James Harrison got out of the taxi and walked to the entrance of the small airplane hangar that housed the Pittsburgh Steelers’ private jet. They were heading home after a long and disappointing trip. His duffel bag draped over his one arm and a small felt pouch in the other hand. He wore a dark grey wool sweater with a white collared shirt underneath, black slacks, black shoes. He was in a dark mood. Dallas was unseasonably cold and the garments he wore would barely protect a normal human against the chill. But he wasn’t normal. He once was, but no longer.
A large field with small rows of pine trees surrounded the parking lot. It was quiet and the swirling wind drowned out any of the muffled sounds coming from the tarmac.
“James!” Casey shouted again trying to get his teammate’s attention. James Harrison was well known for his thousand-yard stare. It was a confusing mix of intimidation and misunderstanding. The look made people question his sanity and his humanity. There was something in that stare that suggested he was missing a piece of his soul.
There was a rustle in the nearby pine trees that sounded like suppressed laughter. Harrison looked over his shoulder to the adjoining field. “I’ll be there in a minute,” the linebacker responded softly in a solitary tone. A white smile flickered in the foliage. He dropped his bag on the sidewalk but clutched the felt pouch and walked into the night.
“James! James!” Casey called out then muttered to himself, “Crazy…”
The loss to the Green Bay Packers was almost a foggy memory to the Steelers Linebacker. But a loss wasn’t what he signed up for. This wasn’t the deal. Someone didn’t hold up their end of the bargain.
His black shoes left the pavement and hit the soft grass of the meadow. Twigs snapping underneath his black shoes textured the softer sounds of the wind. The smile showed itself again in a shadow. A stifled chuckle.
Harrison entered into the grove of trees and scanned the darkness. “Show yourself,” Harrison demanded. “If you’ve got any guts.” He unfastened the felt pouch and took a small pinch of the dust inside. He flung it towards the floating row of crooked teeth. The dust fell to the ground and from the pine needles sprung a lanky brittle figure of Erlking, the forest goblin.
“I didn’t want you,” Harrison yelled. “You’re a errand boy as far as I’m concerned. Where’s your master?”
“The forrest is my dominion earthling,” the prickly stick figure responded. Dead leaves and dust seemed to hold together this wicked skeleton. “My master has faith that I can speak on his behalf.” The crooked smile grew again as though it was peeking through the center of the Earth.
“Well you go back and tell him that the deal’s off!” the 6 foot linebacker lurched forward as if to strike Erlking.

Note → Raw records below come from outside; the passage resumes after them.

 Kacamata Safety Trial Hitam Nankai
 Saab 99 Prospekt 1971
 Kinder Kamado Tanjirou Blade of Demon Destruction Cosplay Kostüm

“Do not threaten me. I have carried more souls away from this Earth than you could conceive. Your threats of bodily harm may work on other humans but I caution you now, restrain yourself.” The bleak scarecrow’s voice rose slightly. “Besides, the terms of your agreement have not yet been violated from our end.”

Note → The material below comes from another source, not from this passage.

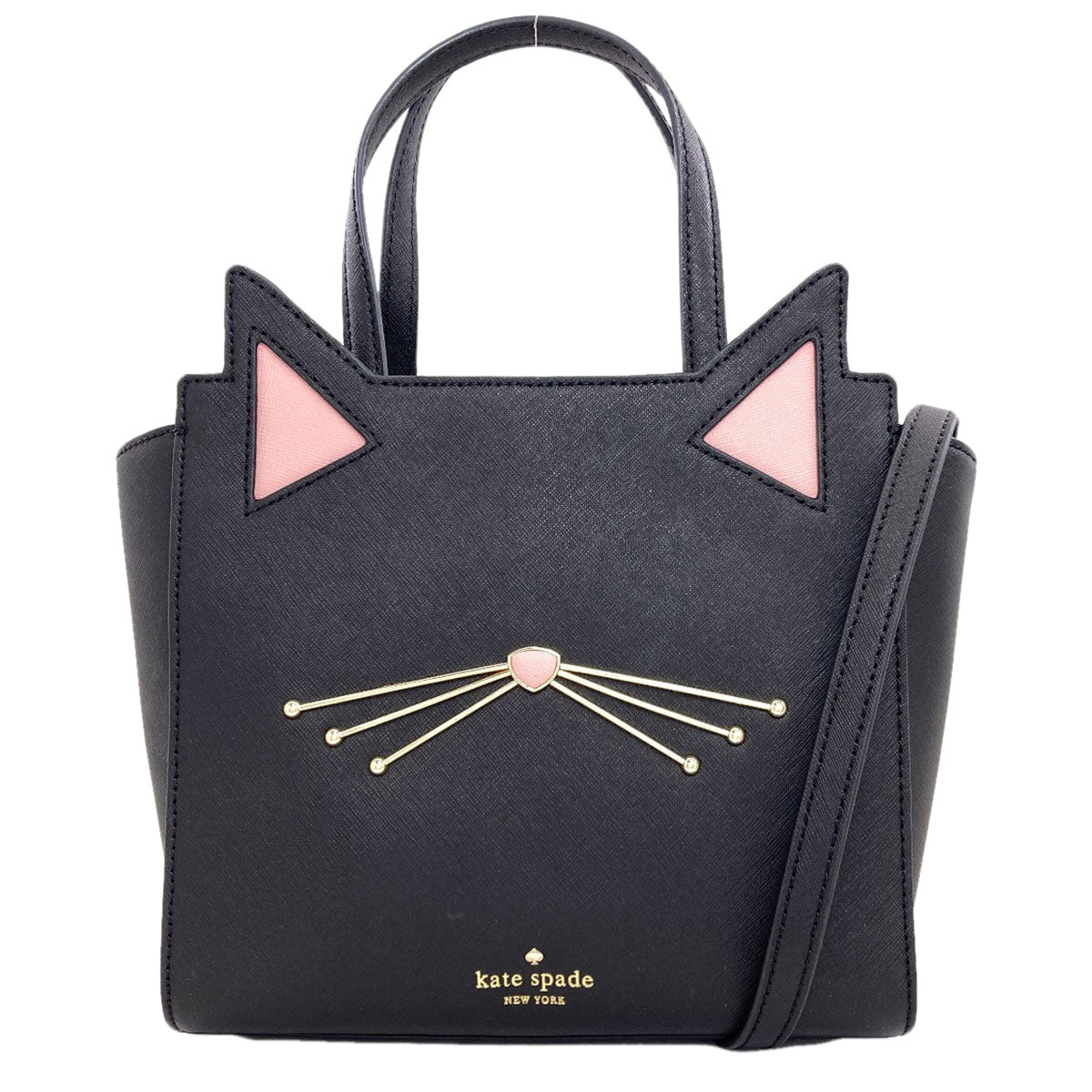 ケイトスペード 猫モチーフ 2WAY ハンドバッグ 中古 商品画像2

“They have! When I came to you 6 years ago asking for help, I was at the end of my sanity! I had almost been cut from football entirely. No one was giving me a chance. I gave everything I had just to get back in,” the beastly football player said. “My compassion, my soul, my spark. You promised me 3 Championship rings before the end of the decade. You could have honored that tonight. But you didn’t.”

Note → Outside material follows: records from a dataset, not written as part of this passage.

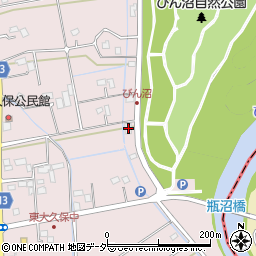 埼玉県富士見市東大久保3820周辺の地図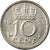 Munten, Nederland, Juliana, 10 Cents, 1974, ZF, Nickel, KM:182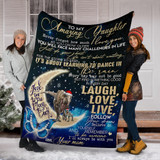 To My Daughter Blanket From Mom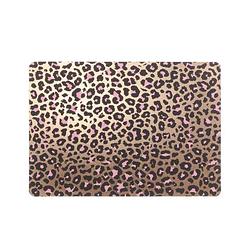 Foto van 8x tafel placemats/onderleggers met bronzen panterprint 30 x 45 cm - placemats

Erlking listened and nodded his head, the leaves on his head rustling gently. “You wanted to be a champion and we have made you that.” The twigs of its jaws snapped and popped with each syllable. Its white teeth contrasted against the bark and the night.
“Three times! I said three times within the decade!”
“You’re human brains have unfortunately still not grasped time correctly. You’ve just been lucky guessers thus far. Your decade is different than ours and you were unclear as to your timeframe, so we interpreted it as we saw fit.”
“What does that mean?” Harrison screamed.
“That means,” the twigs began to erode and fall back to the ground. “You’ll be back.” Erlking’s body decomposed in front of his eyes. The dust drifted away with the churning wind. The sticks and pine needles fell to the ground once more. Harrison saw the teeth fade back into the shadows. “We never break our word.” The final sentence could have been mistaken as an articulate breath of the Dallas wind. “You’ll be back.”
“James! James!” he heard in the distance. Casey Hampton’s voice echoed of genuine concern. The gargantuan nose-tackle rumbled into the field, his hands cupped to his mouth shouting for his teammate. He saw Harrison still clutching the felt pouch alone in the darkness.
“There you are,” he bellowed. “Let’s go. The plane’s leaving now.” Casey looked around the field. “What the heck were you doing out here anyways?”
Harrison’s eyes glazed over and his voice became monotone. “It was business.”
As Casey Hampton walked James Harrison back to the airplane hangar he could have sworn he heard an ominous laugh, suppressed and muffled by the soft wind.